Finally, ballroom, as a communal aesthetic practice, assists in generating new possibilities for existence. This inventive nature of ballroom is most salient in the testimonies of ballroom participants. In Paris is Burning, many of the queen interviewees share sentiments of ballroom being an entirely different world that fosters their authentic self-expression. In describing the importance of ballroom, a queer of color, referencing Lewis Caroll’s seminal novel, likens their experience of ballroom to stepping through the looking glass and entering an entirely new world in which they feel “100% right.” In the following scene, a group of black and brown queens echo this conception of ballroom and further describe it as a world in which they get access to an alternative reality of fame, respect, and adoration. Later in the film, Dorian Corey, a legendary black queen in the drag and ballroom worlds and founding mother of the House of Corey, offers a poignant articulation of the limited possibilities available to black queer folks in the U.S. and states that ballroom is a world in which there are endless possibilities for who or what one can be. So though one is not a business executive, for example, one can walk in a ball in the Executive Realness category, dressed to the nines and look and feel like an executive. It is as if saying to the dominant world, “If given the opportunity, I would make a great executive. And I know you don’t think so, but quite frankly, I don’t care.” I see this alternative world making as a practice of refusal that rejects the imposed life conditions of black queer life and labors to create something else. And this collaborative and aesthetic labor, to use Corey’s words, offers a sense of fulfillment. As such, to use Hartman’s terms, I consider ballroom to be a kind of “cramped creation,” or the relentless practice of fashioning alternative possibilities when one’s material social conditions make it difficult to subsist. In this vein, what ballroom offers, as a contemporary example of waywardness, is “a queer resource of black survival” that teaches us how to live when we were never meant to survive.

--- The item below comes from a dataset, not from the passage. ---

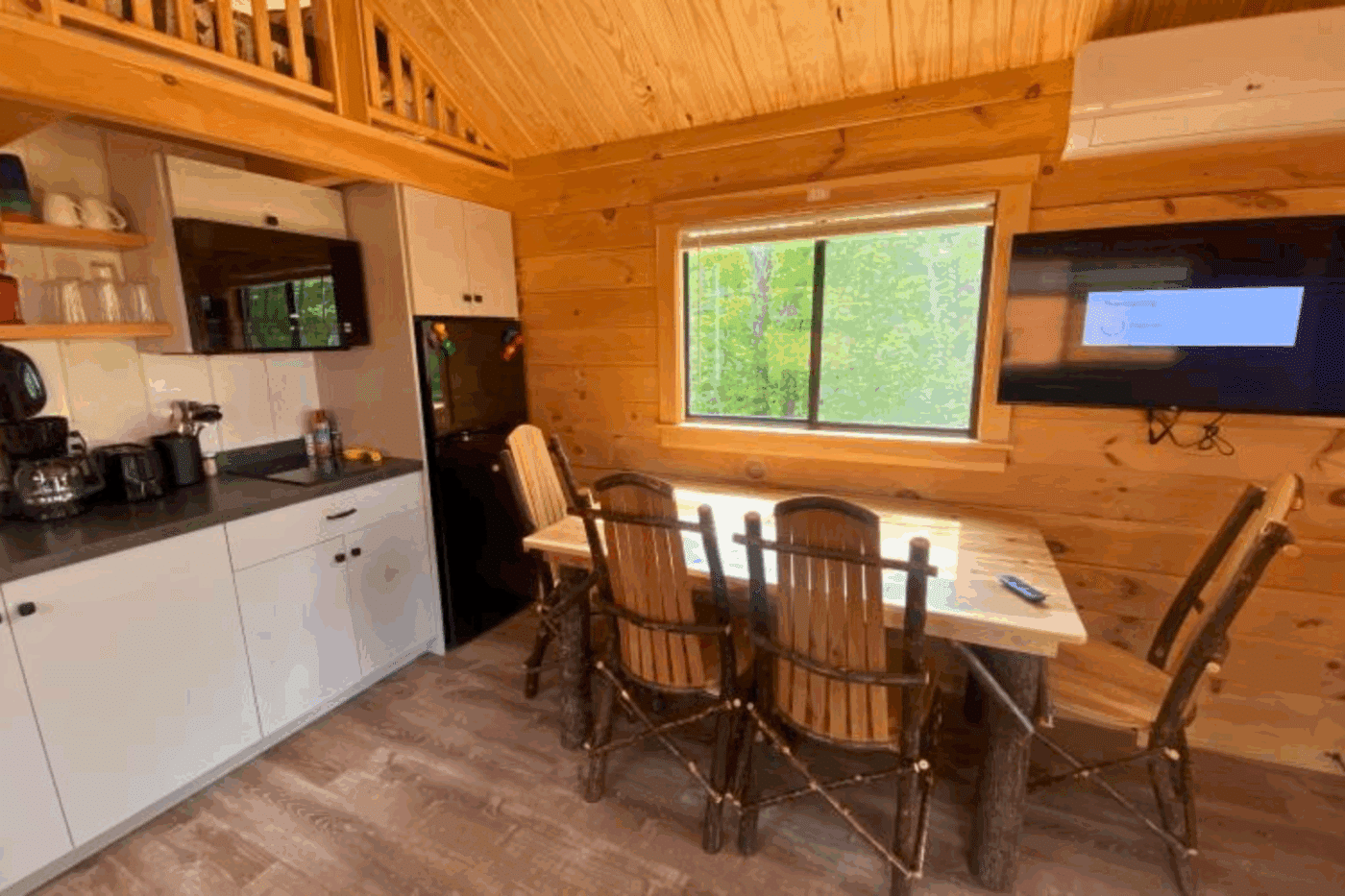kitchen and dining area of Aspen 1 park model log tiny home in 49931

“We have had everything taken from us and yet we have all learned how to survive.”
I recognize the importance of ballroom to lie in its embodiment of wayward improvisation by remaining an aesthetic, collaborative, and inventive gesture that has sustained black and brown queer folks in the U.S. for over half a century. Ballroom remains a cultural stepstone for those both within and outside of the black queer community. Since its exposure to popular culture, ballroom has made clear the importance of refusing the imposed limitations of black life and generating alternative possibilities of existence. Simultaneously, the visibility of ballroom culture to the dominant world has rendered certain vulnerabilities in which the ethos of ballroom gets obscured. I acknowledge this cooptation of black queer culture as a threat to the radical politics of refusal and survival that ballroom offers. In an attempt to further negotiate these harms, I turn to my own research as a potential starting point.
My current research investigates black feminist counter-historical writing practices as legitimate sources of knowledge production that refuse the limitations of the archive and offer alternative narratives of black being and liberation. I identify these black feminist writing practices as redressive narratives that tend to the lives and deaths of the enslaved and their descendants by daring to imagine black life not wholly determined by the rupture of chattel slavery. I find this notion of tending to our collective and personal archives to be useful as I try to negotiate the risks of coopting ballroom culture. Though not an entirely fleshed out idea yet, to tend to the figures of the past—and their reverberations in the present—is to approach their stories with care and curiosity. Inspired by the connection between Christina Sharpe’s concept of wake work and Saidiya Hartman’s critical fabulation, tending is a form of engagement that sits with the silences of the archive, pays careful attention to their resonance within the afterlives of slavery, and forages for strategies of survival and viability, all in an attempt to tell a different story. Given this, perhaps a tender orientation toward ballroom culture—which (a.) spotlights the figures and experiences that continue to shape the world of ballroom, (b.) illuminates the radical politics that ballroom offers, and (c.) reckons with the paradox of visibility that both elucidates and obscures black queerness—can help mitigate the harms of cooptation. I offer this language of tending to ballroom culture, not as a prescription of how to completely eliminate the possibility of cooptation, but as a possible response to the harms of hypervisibility and an invitation for further inquiry. In assessing ballroom as a kind of wayward improvisation and considering the stakes of such a radical practice, I hope to have honored the lives and labors of the black queens that paved the way.